The public market’s impact on Facebook has been “terrible,” and entrepreneurs should build their own alternative, Eric Ries said at a tech event in Washington DC last night.

Speaking to an audience of about 200 entrepreneurs, “The Lean Startup” author suggested that the dramatic drop in Facebook’s stock price has had little to do with any new information about its business, and that the net effect of everyone “freaking out about revenue” has been damaging to the company.

“All the noise around Facebook is counterproductive energy that’s making it more difficult to succeed,” he said. He bemoaned the shortcomings of the public markets, which he said are hampered by short-term thinking, and said entrepreneurs are responsible for reforming them. The path to that, he said, is not through regulation but through disruption.

“What we have to do as entrepreneurs is build our own markets,” he said.

I collared Ries after the event and interviewed him about the alternative market idea, as we strolled the darkened streets of Washington in a circumlocutious attempt to locate his hotel. He was in town for the announcement of the Presidential Innovation Fellows and attended the DC Lean Startup Circle on a last-minute invitation.

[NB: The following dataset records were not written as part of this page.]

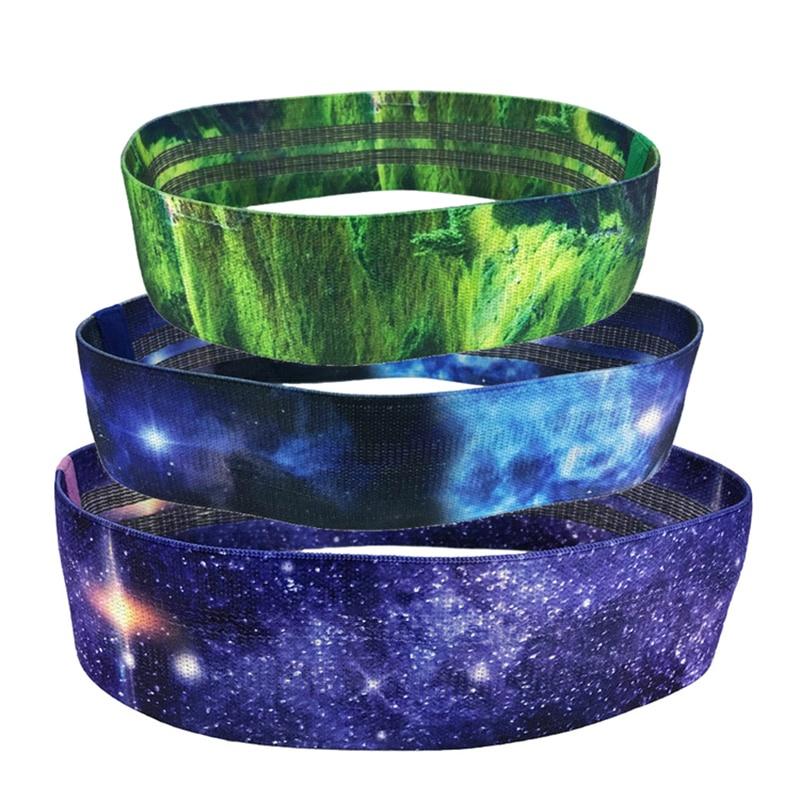 Fabric Resistance Band Elasticas Fitness Exercise Booty Band Hip Circle Loop Legs Thigh Glute Butt Squat Crossfit Gym Equipment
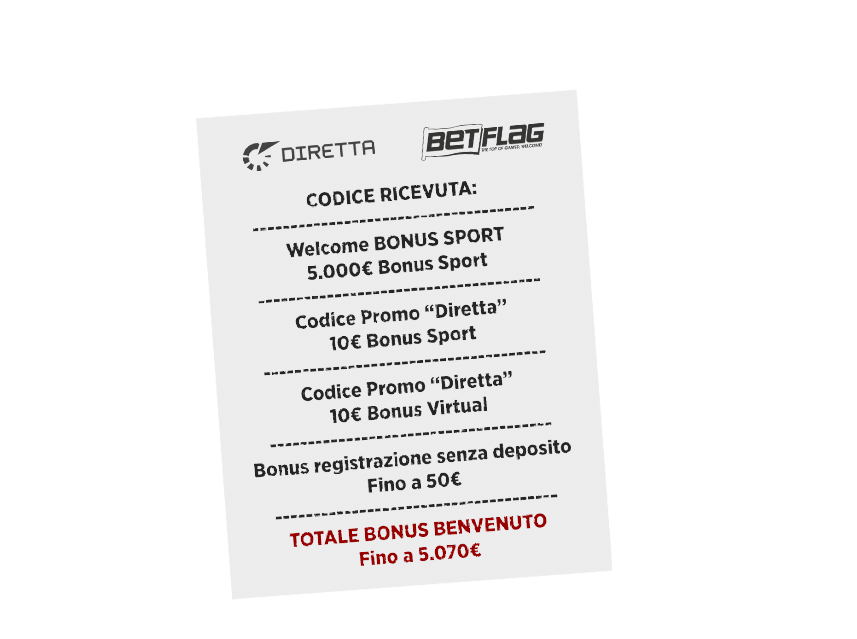 Fino  di Bonus per te!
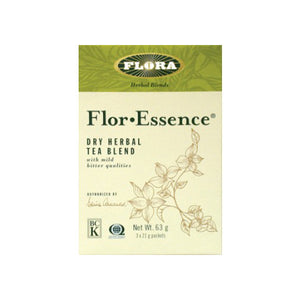 flor essence dry herbal tea blend 63g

Ries told me he was working on an idea for an alternative market that would provide liquidities for companies that don’t want to go public but need an exit to satisfy their investors. He said the current public market structure is so heavily weighted towards short-term thinking that it’s ultimately bad for business. “If you truly want to create a long-term company that’s going to survive through generations of ownership, the current system doesn’t support that,” he said. “But it should – it’s like a bug in the system.”

Ries said even a company that’s planning for the long term – such as Amazon – has to pay attention to quarterly earnings reports. And even for companies with dual-class stock structures – such as Facebook and Google – compensate thousands of employees with short-term stock options, which affects perceptions of corporate health. “They pay attention to the stock price,” Ries said. “They want it to go up and they don’t want it to go down, and that is a real hindrance to innovation. You’ve got to be able to make disruptive bets.”

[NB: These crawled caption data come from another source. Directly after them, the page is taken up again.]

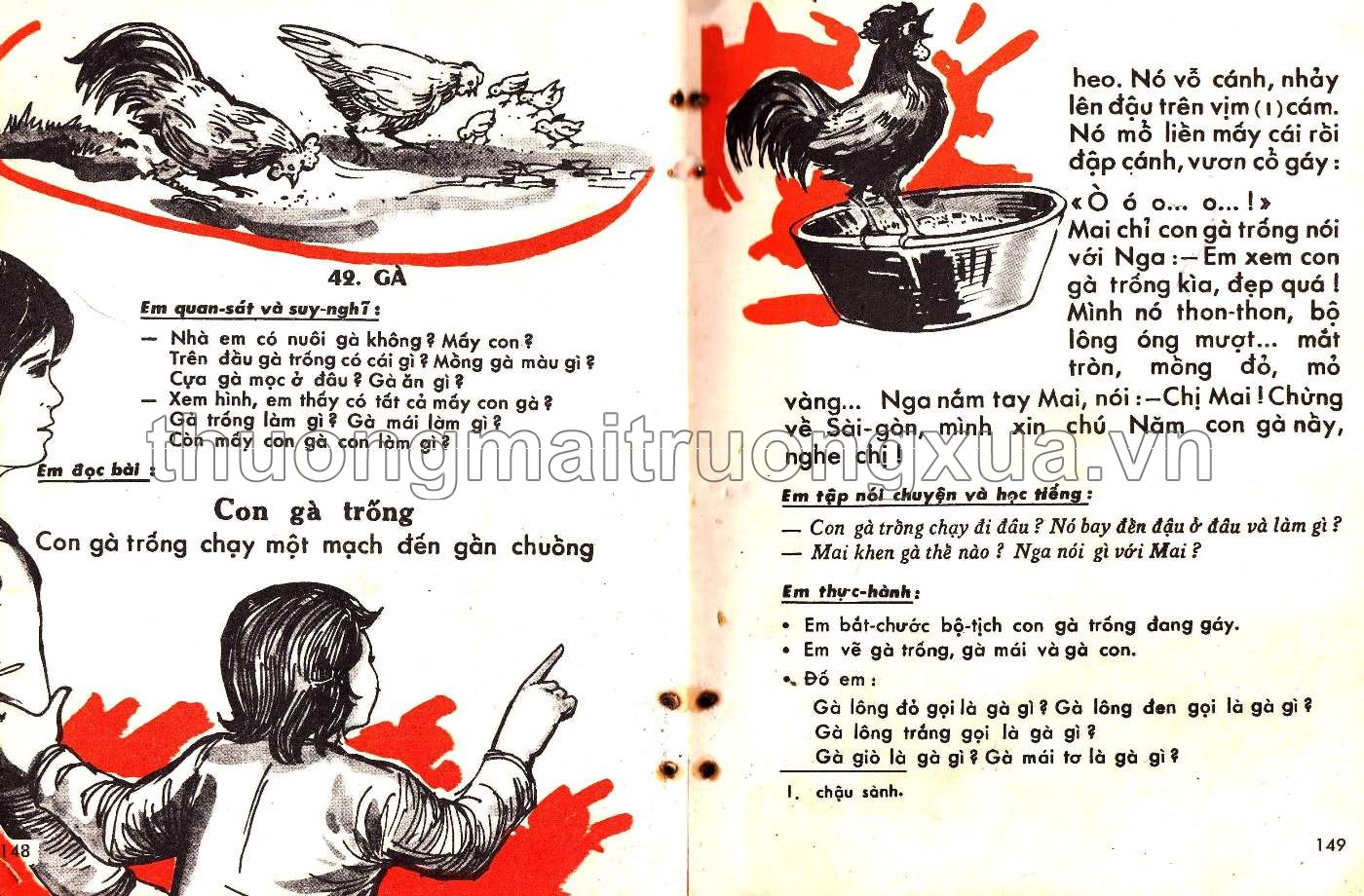 Em học Việt ngữ lớp tư (1969) - Trang 72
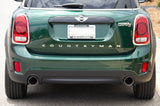 Valved Axle-Back Exhaust for 2017-2024 MINI C'man S ALL4 D660-0084-BLK BMW performance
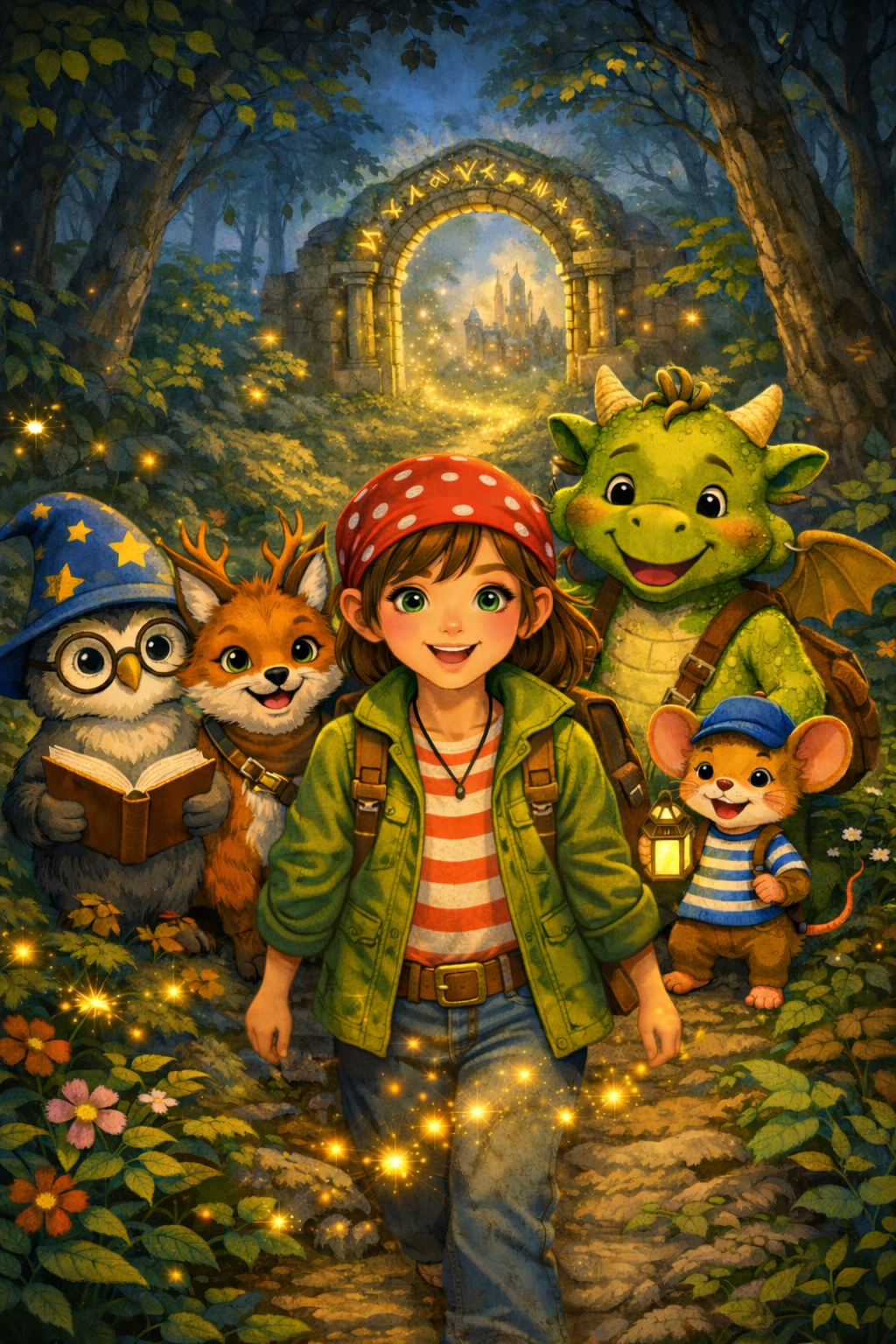 Personalisierte Postkarten von erstleserpost.de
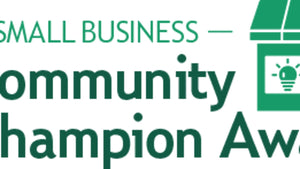 Small Business Community Champion Award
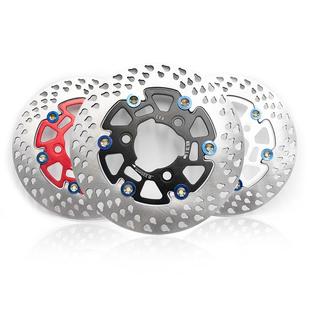 浮动碟片六钉刹车盘油刹车片220mm碟刹片配件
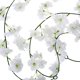 thumbnail image 3 of unbranded 2Ud Artificial Flower Vines White Faux Hydrangea Perfect for Wedding and, 3 of 7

Companies also have to think through the psychology of how quarterly reports are perceived and factor that into their trading strategies. “If you eliminated all that high-frequency trading and emotional trading – if that was just not part of the system – then I think the stock price would be a lot less volatile, movements of the stock price would be a lot more meaningful, and we’d have a more nurturing and supportive environment for these companies, where they would have less pressure to do the kind of bad stuff that we don’t like them doing, and more opportunity to invest for the long term.”

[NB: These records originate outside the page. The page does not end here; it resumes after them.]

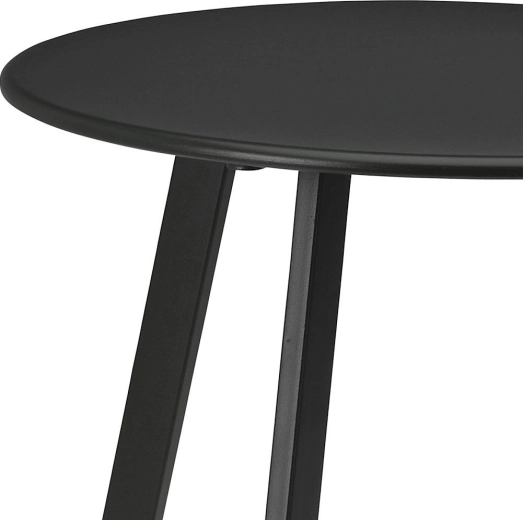 Aspect minimalist în negru mat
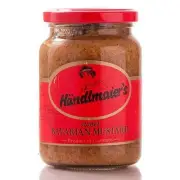 Handlmaier's Sweet Mustard 13.4oz Jar Authentic German Condiment for Oktoberfest
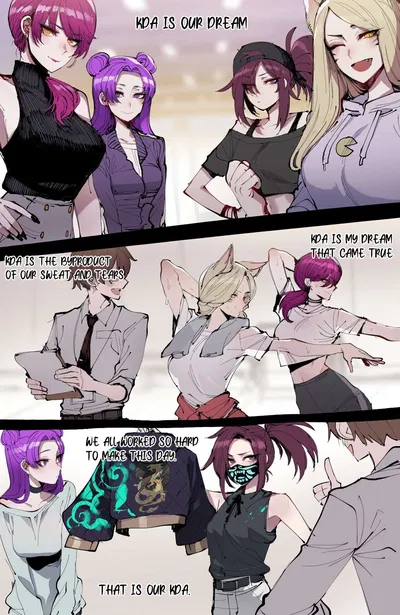 K/DA! (Manager POV)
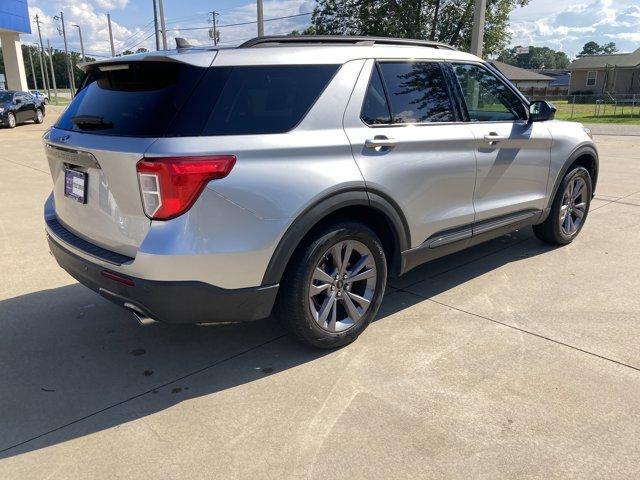used 2022 Ford Explorer car, priced at $28,488
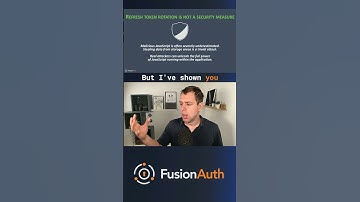 Refresh Tokens - The Insecurity of OAuth 2.0 in Frontends #programming #coding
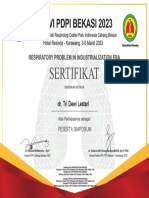 Sertif Simposium Dr. Tri Dewi Lestari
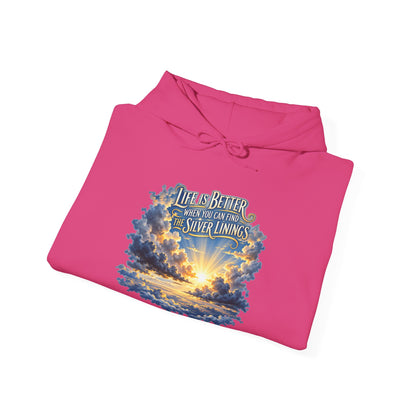Silver Linings – Gildan 18500 Hoodie | 027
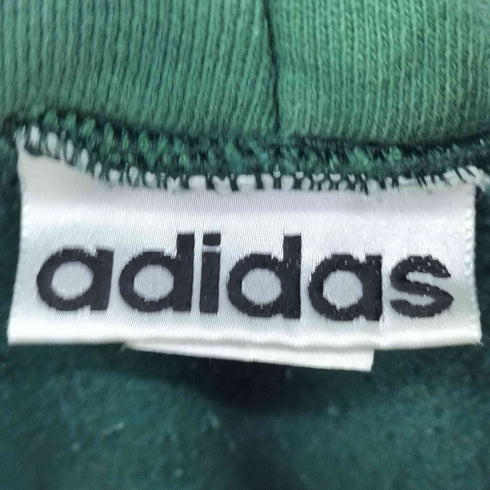 アディダス adidas 80S USA製 トレフォイルロゴ プルオーバーパーカー メンズ M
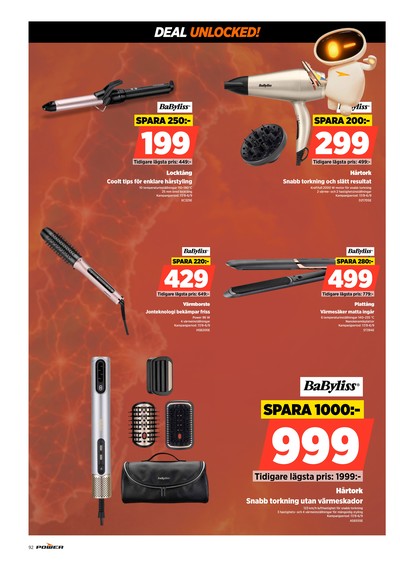 Power reklamblad i vecka 34 sida 92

It’s possible to resist those pressures, he said, but the energy expended in resisting them creates a problem. “I talk to a lot of Facebook people who have had a lot of not very nice things to say about the decisions that are being made – not even that are being made, but that might be made – because of this incredible pressure from the markets. The stock price was hyped up too high, and now it’s coming back to earth and that’s being perceived as a negative. People are like, ‘Why isn’t it a $100 billion company?’ instead of celebrating that it’s a $50 billion company.”

“All the corruption in the system is being exposed, because people are paying so much attention to Facebook. Each one of those things is an indictment of the way it works now. It doesn’t have to be that way.”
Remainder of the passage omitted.